Tulisan-tulisan Eman Dapaloka tidak memberi kita lebih banyak informasi, tidak menambah pengetahuan baru bagi kita. Tetapi testimoni-testimoni itu, amat mampu memperkuat solidaritas kita dengan kehidupan. Penderitaan dalam hidup tidak membuat kita menyerah. Iman diuji pada saat-saat krisis.

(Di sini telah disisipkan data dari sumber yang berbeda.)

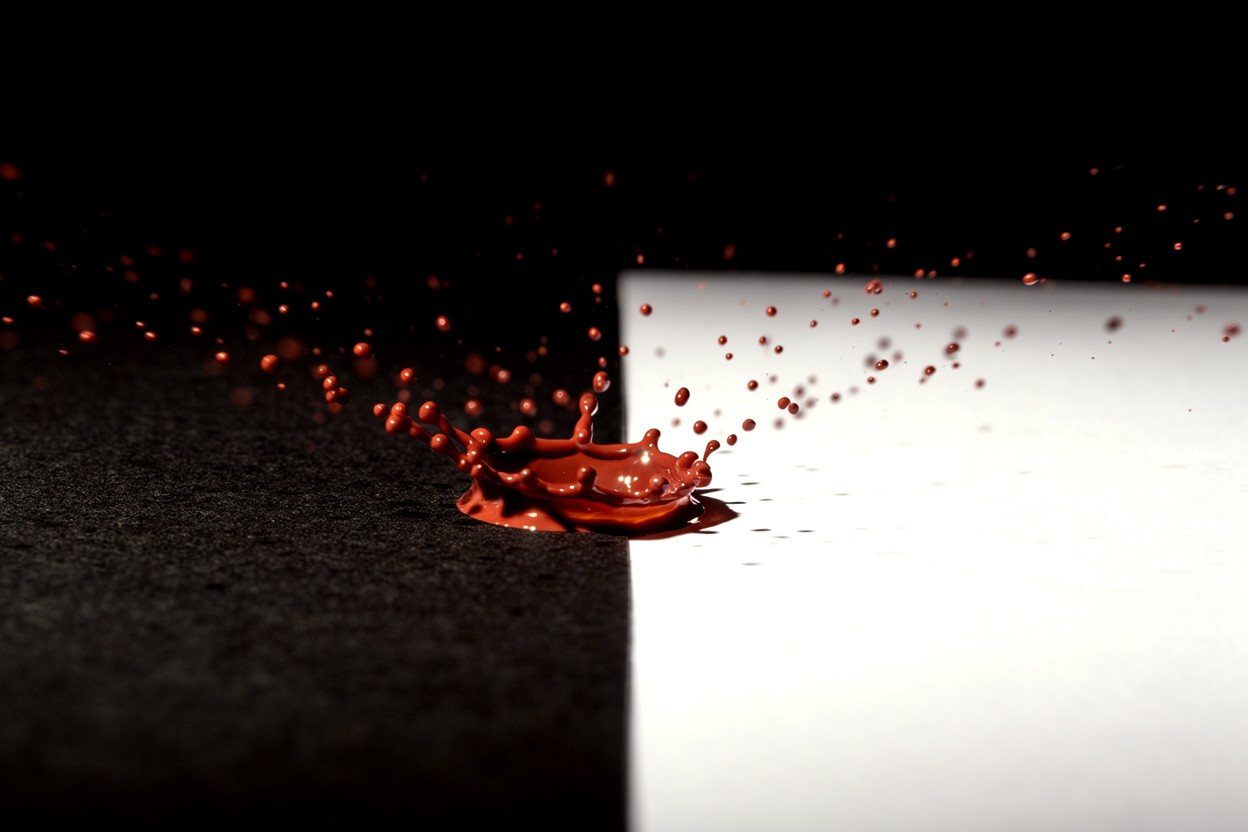 A drop of red oxide landing on the seam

Khalil Gibran pernah menulis cantik tentang hakikat pendertaan:
“Pedihnya derita, adalah pecahnya peristiwa,
Koyaknya kulit ari yang membungkus kesadaran
pengertian.
Sebagaimana biji buah mesti pecah,
agar intinya terbuka merekah, bagi curahan cahaya
surya.
Demikin pun bagimu, kemestian tak terelakan,
Mengenal derita serta merasakan kepedihan.

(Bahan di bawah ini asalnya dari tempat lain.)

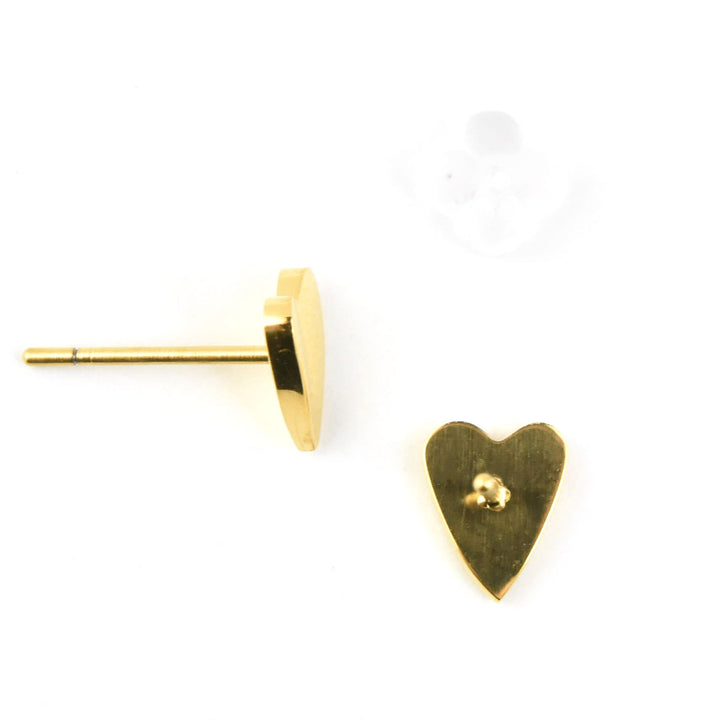 Folded Heart Studs, Gold Plated - Goldmakers Fine Jewelry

Dan kalau saja hatimu masih peka digetari
ketakjuban,
Menyaksikan kegaiban yang terjadi sehari-hari
dalam kehidupan.
Maka derita perih itu tiada kurang menakjubkan
Daripada kegirangan.”
Keutamaan Buku Iman Mereka Hidup terletak pada kisah-kisahnya yang menggugah dan menggetarkan. Bacalah kisah-kisah dalam buku itu dan iman anda pun tak akan redup.